This year has been a doozy so far, and many people are experiencing heightened stress as they balance their personal and work lives through a pandemic and an upcoming election. Things were already incredibly stressful to begin with—in fact, a study conducted before the pandemic found 83% of U.S. workers suffer from work-related stress and U.S. businesses are losing $300 billion annually as a result.

Stress is something everyone experiences but can be difficult to define. Researchers and mental-health professionals describe it as a normal physical, emotional, or mental reaction to a change. The change could be environmental (like moving into a new home), could involve your body (like an injury), or could impact your thoughts (like a big, new project or a negative interaction with a friend).

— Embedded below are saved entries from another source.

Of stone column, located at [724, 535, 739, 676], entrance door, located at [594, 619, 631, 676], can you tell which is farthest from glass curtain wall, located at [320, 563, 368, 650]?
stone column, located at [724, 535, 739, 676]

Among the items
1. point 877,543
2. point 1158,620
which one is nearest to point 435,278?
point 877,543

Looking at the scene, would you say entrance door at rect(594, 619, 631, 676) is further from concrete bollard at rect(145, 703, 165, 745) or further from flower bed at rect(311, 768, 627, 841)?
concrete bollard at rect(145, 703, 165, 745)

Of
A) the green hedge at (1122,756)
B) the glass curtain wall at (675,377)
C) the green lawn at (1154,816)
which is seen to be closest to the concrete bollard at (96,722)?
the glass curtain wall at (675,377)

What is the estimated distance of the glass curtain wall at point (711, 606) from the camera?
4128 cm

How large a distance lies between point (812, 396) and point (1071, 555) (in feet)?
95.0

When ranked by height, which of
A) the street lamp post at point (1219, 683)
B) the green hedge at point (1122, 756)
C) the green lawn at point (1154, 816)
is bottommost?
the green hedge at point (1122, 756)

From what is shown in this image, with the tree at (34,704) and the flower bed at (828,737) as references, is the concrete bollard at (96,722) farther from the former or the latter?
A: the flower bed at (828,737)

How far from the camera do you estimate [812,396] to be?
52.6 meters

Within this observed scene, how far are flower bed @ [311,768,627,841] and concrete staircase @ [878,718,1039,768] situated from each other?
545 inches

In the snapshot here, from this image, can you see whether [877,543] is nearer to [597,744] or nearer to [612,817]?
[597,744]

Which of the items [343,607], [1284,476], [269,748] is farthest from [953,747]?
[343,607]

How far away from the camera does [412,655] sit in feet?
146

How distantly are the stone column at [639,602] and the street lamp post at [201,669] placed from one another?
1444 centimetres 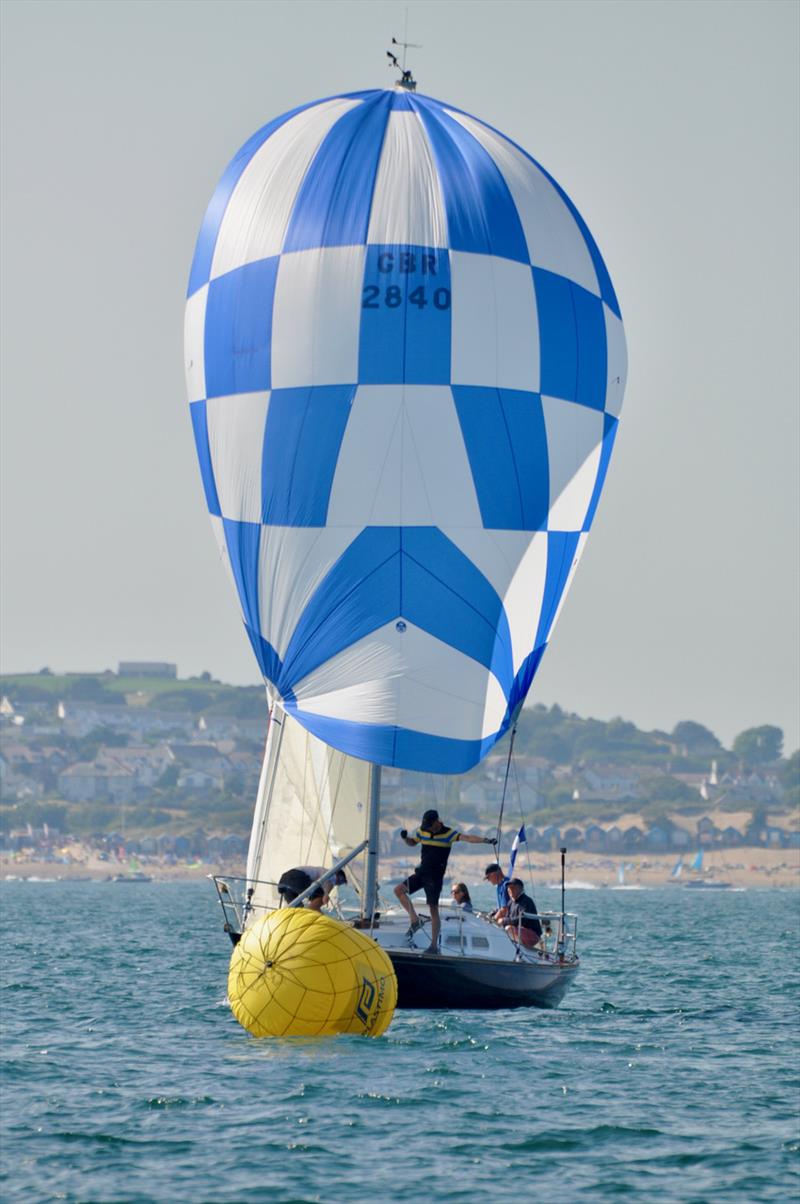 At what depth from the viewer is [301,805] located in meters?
25.9

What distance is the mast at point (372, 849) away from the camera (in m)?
23.1

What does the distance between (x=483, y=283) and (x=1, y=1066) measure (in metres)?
9.92

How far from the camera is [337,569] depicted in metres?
23.0

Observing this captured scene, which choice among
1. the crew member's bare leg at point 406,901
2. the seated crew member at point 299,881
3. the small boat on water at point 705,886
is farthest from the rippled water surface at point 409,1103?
the small boat on water at point 705,886

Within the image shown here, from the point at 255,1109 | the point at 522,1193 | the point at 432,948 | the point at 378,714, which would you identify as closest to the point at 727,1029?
the point at 432,948

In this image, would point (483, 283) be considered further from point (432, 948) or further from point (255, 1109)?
point (255, 1109)

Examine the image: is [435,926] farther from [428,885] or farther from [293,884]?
[293,884]

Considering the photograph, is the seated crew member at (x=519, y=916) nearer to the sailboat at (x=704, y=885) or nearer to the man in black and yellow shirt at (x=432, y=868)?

While stress is normal, it becomes an issue if it persists long enough to trigger your nervous system, specifically your fight-or-flight response. This can happen when you have many stressors that add up or one big change that impacts many areas of your life. Stress often manifests in the body as headaches, fatigue, problems sleeping, irritability or other symptoms.

When you feel stressed, it’s tempting to crawl into bed, throw the covers over your head, and stay hidden until it passes. But the best way to manage stress is addressing it head on.

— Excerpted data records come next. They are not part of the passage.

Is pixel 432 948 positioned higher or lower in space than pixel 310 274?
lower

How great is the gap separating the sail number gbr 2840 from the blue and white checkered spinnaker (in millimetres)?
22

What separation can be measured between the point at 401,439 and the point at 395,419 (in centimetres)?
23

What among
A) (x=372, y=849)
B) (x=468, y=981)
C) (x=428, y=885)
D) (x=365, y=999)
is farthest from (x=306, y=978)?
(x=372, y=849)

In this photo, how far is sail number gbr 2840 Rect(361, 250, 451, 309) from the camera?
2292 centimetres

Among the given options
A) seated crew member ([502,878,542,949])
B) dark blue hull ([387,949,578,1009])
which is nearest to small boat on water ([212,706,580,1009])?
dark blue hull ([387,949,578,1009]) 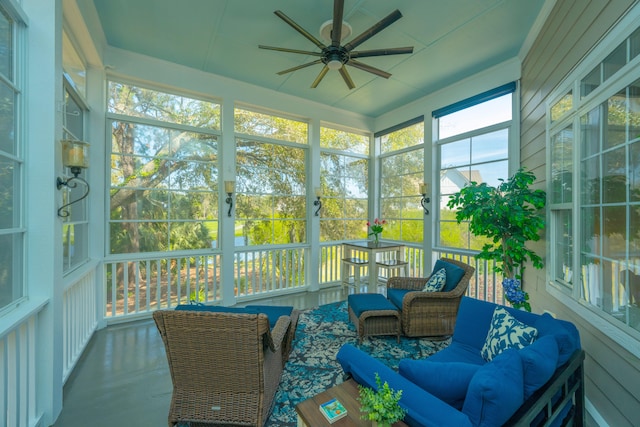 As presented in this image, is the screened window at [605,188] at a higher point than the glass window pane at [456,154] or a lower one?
lower

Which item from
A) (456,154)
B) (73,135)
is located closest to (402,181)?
(456,154)

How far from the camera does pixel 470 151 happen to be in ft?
13.0

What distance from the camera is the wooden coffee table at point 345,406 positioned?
3.45ft

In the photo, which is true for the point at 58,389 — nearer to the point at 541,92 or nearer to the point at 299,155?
the point at 299,155

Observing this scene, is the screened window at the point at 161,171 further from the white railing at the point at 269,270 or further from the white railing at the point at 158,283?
the white railing at the point at 269,270

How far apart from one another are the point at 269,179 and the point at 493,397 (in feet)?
13.4

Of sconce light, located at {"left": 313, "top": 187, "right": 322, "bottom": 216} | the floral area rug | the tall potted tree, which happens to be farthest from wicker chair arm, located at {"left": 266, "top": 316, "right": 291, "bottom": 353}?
sconce light, located at {"left": 313, "top": 187, "right": 322, "bottom": 216}

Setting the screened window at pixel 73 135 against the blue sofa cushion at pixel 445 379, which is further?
the screened window at pixel 73 135

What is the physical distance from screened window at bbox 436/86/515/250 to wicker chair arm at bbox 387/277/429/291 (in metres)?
1.12

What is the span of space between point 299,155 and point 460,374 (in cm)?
421

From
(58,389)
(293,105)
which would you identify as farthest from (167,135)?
(58,389)

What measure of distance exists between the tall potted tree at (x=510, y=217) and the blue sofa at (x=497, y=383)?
1048mm

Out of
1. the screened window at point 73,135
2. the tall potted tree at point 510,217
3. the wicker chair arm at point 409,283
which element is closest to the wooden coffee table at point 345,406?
the tall potted tree at point 510,217

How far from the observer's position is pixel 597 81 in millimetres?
1783
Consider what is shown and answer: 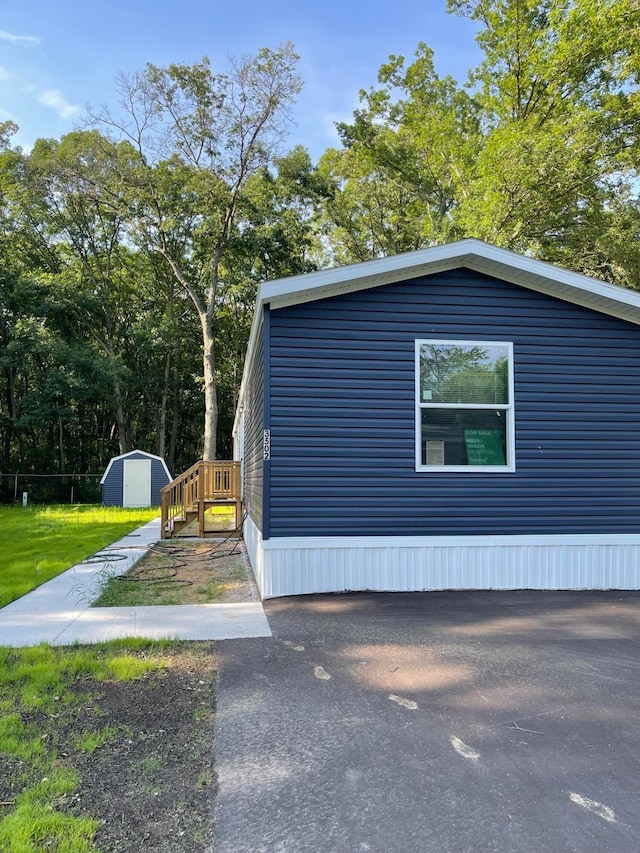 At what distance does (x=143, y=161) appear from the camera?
71.5ft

This is where meditation comes in. People have been using this practice for thousands of years and benefitting from the increased sense of ease and calm that comes with it. Because of its many benefits, meditation has become the subject of many recent studies, and scientists have found that the practice calms the sympathetic nervous system, which is responsible for your fight-or-flight response. Studies have also found that meditation reduces many stress markers including heart rate, blood pressure, and cortisol (a hormone associated with stress).

Starting a meditation practice to decrease stress levels is easy, and one of the great things about meditation is that you can take a moment to pause anywhere; it doesn’t require a lot of equipment or preparation. And you don’t need to commit hours each day to see benefits. In fact, here is a list of quick exercises to decrease stress:

  • Take three deep breaths. Count to five as you inhale and five as you exhale.
  • Pick up something warm, cold, or textured, and focus on the feeling for 2 minutes.
  • Grab a sheet of paper and write five good things that happened in the last week.
  • Find a classical song, grab your headphones, and listen with your eyes closed.